Blackwell isn’t a political unknown. He’s a friend and campaign contributor to former President Barack Obama.
Witzburg declined to comment. Goodrich and Blackwell didn’t respond to requests for comment.
When Lightfoot hired Goodrich in 2021, City Hall put out a press release describing his role as involving “the oversight, development and implementation of strategic mayoral initiatives and policy priorities for Chicago’s infrastructure, transportation, regulatory and municipal administrative services.” Lightfoot herself was quoted in that statement: “For years, Paul dedicated his career to making businesses and organizations work more efficiently.”
Five years on, that framing looks considerably different. The inspector general’s report describes a top city official who allegedly arranged a paid internship for his son inside a company that held a city contract, then worked to steer roughly $10 million more in payments toward that same company, payments it may not have been entitled to collect from taxpayers. The sequence of events, as described in the report, cuts directly against the reform image Lightfoot spent her four years in office trying to build.
The Johnson administration confirmed some of the details. A spokesperson for Johnson said Goodrich directed Blackwell’s company to perform work in March and April 2023 that fell outside its contract with the city’s Department of Technology and Innovation. The city eventually settled with Blackwell to avoid litigation. “Consequently, the Johnson administration implemented new policies to prevent vendors from performing non-contracted work,” the spokesperson said.
That’s an acknowledgment. It isn’t a full accounting.
EKI-Digital has operated as a city contractor since the early 2000s, when Mayor Richard M. Daley ran City Hall. The firm kept its relationship with the city under Lightfoot and has continued under Johnson. City Hall records show it has remained active under a separate consulting contract with the technology department even after the unauthorized work episode came to light.
The Chicago Inspector General’s office serves as an independent watchdog with authority to investigate fraud, waste, and corruption across city government. Witzburg has issued several high-profile reports since taking office, though the decision to release findings without naming individuals has drawn scrutiny from government transparency advocates who argue that anonymized reports blunt accountability.
That tension is visible here. The report describes conduct serious enough to warrant public release, yet Chicagoans reading it last week had no way to know who was responsible without additional reporting. Goodrich’s name doesn’t appear in the official document. Neither does Blackwell’s or EKI-Digital’s.
The city’s online contract database shows EKI-Digital’s contracting history stretching back years, connecting the firm to multiple administrations across more than two decades of city government.

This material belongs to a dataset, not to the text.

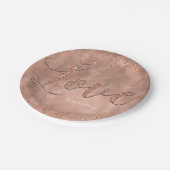 LIEBE Typ Text Imitate Rose Gold Glitzer Glam Part Pappteller (Schrägansicht)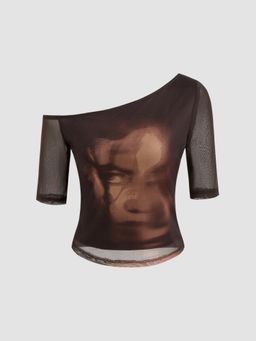Cider - Mesh Asymmetrical Neck Figure Middle Sleeve Top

The scandal lands at an awkward moment for Johnson, who has faced his own political pressures in his second year at City Hall. His administration didn’t direct the unauthorized work, but it did settle with the contractor and continued paying the firm under a separate agreement, a set of decisions that will draw questions about oversight and vendor accountability at a time when Johnson can least afford more scrutiny.
Lightfoot, who left office in May 2023 after losing her reelection bid to Johnson, built her political identity around fighting the kind of insider dealing that defined the Daley years in Chicago. The Goodrich allegations undercut that narrative. Her office could not be reached for comment by publication time.
As of Wednesday, no charges had been filed in connection with the conduct described in the inspector general’s report. Whether Witzburg has referred the matter to federal or state prosecutors has not been publicly disclosed.